SVM ROC for Train Data
We will validate our model’s accuracy with the test dataset. Below, confusion matrix presents the spesifity and sensitivity of our model on test data.
# confusion matrix for svm on test data
preds <- predict(svm_model, data_raw)
confusionMatrix(preds, data_raw$AHD)## Confusion Matrix and Statistics
##
## Reference
## Prediction 0 1
## 0 143 56
## 1 21 83
##
## Accuracy : 0.7459
## 95% CI : (0.6929, 0.7939)
## No Information Rate : 0.5413
## P-Value [Acc > NIR] : 1.653e-13
##
## Kappa : 0.4783
## Mcnemar's Test P-Value : 0.0001068
##
## Sensitivity : 0.8720
## Specificity : 0.5971
## Pos Pred Value : 0.7186
## Neg Pred Value : 0.7981
## Prevalence : 0.5413
## Detection Rate : 0.4719
## Detection Prevalence : 0.6568
## Balanced Accuracy : 0.7345
##
## 'Positive' Class : 0
##
Lastly, we compared our results of two models the ROC curve.
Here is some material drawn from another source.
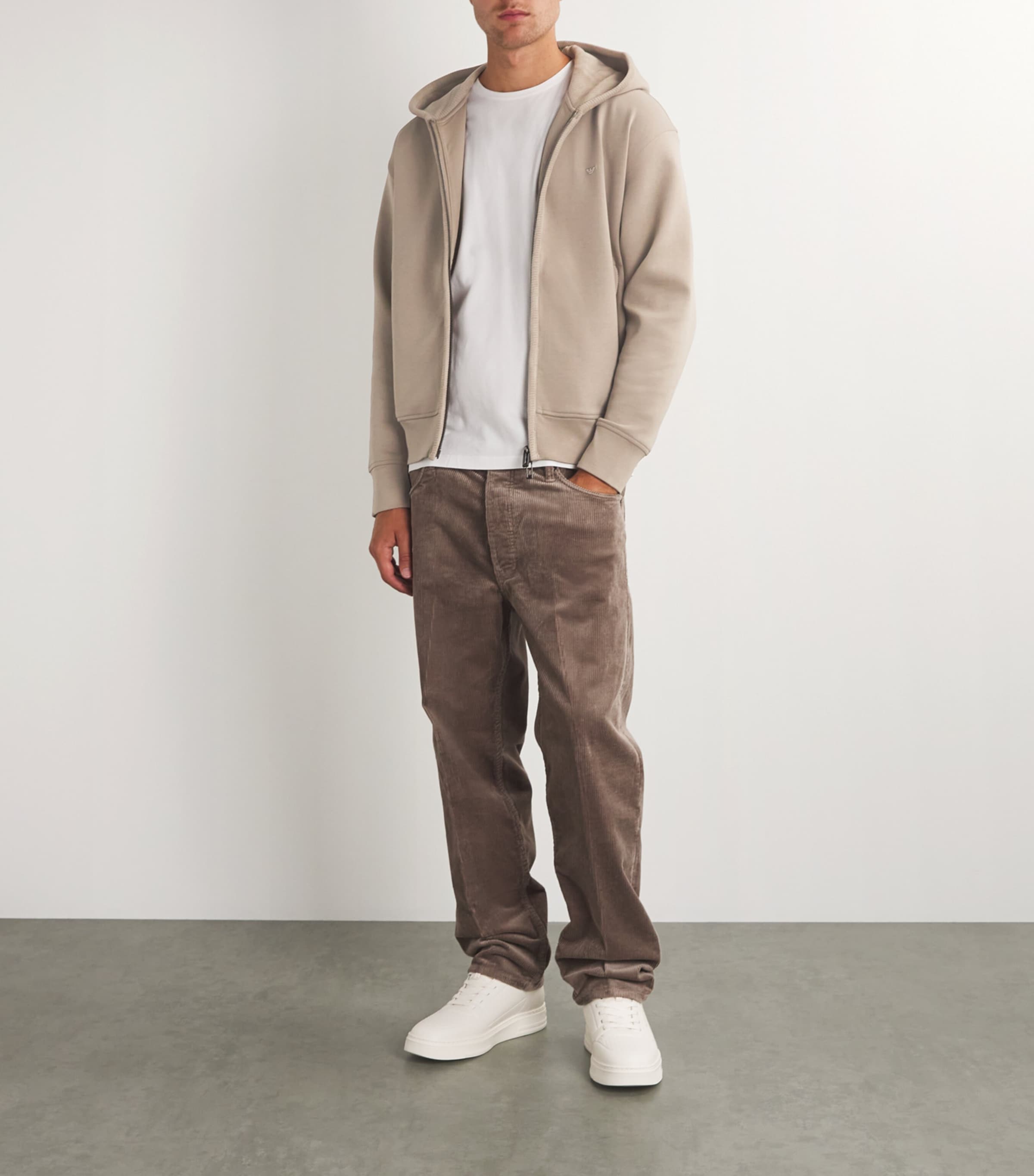 パーカー・フーディ EMPORIO ARMANI Men Hoodies EM001007AF13700U1088 BEIGE Emporio Armani Allover Logo Hoodie - Beige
It is observed that logistic regression presents better results than svm as a classifier for our dataset.
Comparison between ROC Curves
In this report, we examined the presense of a heart disease from a set of variables including chollesterol, Age and others provided in the dataset. We found logistic regression to be a better model for prediction.
According to our model, the odds of one patient having the disease is highly effected by “Chol”, “MaxHR” and “Oldpeak”. The odds of having AHD disease is very high if a patient’s oldpeak is increases by one unit.